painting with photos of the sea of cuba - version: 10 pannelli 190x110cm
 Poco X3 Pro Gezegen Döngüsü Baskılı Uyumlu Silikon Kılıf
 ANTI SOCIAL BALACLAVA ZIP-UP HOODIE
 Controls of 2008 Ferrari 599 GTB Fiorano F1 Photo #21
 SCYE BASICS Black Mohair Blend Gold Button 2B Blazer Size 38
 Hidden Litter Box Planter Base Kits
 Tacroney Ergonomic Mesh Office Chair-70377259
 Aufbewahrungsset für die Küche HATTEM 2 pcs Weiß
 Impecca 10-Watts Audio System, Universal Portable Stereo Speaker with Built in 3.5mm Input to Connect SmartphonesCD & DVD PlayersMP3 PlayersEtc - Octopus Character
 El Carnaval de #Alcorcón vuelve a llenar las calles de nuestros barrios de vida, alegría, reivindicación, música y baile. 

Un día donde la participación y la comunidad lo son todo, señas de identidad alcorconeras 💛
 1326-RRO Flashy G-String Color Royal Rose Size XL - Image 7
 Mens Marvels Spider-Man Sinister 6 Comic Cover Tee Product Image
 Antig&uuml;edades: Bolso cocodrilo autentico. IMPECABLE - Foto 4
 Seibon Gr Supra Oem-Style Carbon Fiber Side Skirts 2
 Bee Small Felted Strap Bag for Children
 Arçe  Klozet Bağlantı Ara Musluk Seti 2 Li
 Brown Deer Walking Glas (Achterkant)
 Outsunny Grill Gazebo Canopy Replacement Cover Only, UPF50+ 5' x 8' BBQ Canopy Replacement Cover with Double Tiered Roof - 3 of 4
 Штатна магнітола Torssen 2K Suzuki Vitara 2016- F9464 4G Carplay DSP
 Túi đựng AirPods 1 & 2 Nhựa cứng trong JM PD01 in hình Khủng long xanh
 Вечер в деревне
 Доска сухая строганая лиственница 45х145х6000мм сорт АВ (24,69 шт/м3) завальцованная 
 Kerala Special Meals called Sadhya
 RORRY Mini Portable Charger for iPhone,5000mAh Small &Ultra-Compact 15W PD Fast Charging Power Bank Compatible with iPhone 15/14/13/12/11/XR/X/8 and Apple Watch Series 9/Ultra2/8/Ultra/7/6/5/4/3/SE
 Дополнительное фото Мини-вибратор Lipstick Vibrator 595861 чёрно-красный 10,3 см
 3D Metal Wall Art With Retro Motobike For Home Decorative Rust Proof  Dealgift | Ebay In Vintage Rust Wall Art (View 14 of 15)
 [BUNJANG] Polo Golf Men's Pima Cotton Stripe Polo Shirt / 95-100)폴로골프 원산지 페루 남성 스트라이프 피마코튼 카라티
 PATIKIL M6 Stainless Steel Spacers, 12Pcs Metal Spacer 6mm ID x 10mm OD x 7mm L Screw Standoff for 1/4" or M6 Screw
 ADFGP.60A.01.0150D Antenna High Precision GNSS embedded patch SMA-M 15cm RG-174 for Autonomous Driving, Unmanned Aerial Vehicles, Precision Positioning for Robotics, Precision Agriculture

++++++

What is required
Search the entries for the word "Portable", then copy every line in which it is found.

Result of this task
 Impecca 10-Watts Audio System, Universal Portable Stereo Speaker with Built in 3.5mm Input to Connect SmartphonesCD & DVD PlayersMP3 PlayersEtc - Octopus Character
 RORRY Mini Portable Charger for iPhone,5000mAh Small &Ultra-Compact 15W PD Fast Charging Power Bank Compatible with iPhone 15/14/13/12/11/XR/X/8 and Apple Watch Series 9/Ultra2/8/Ultra/7/6/5/4/3/SE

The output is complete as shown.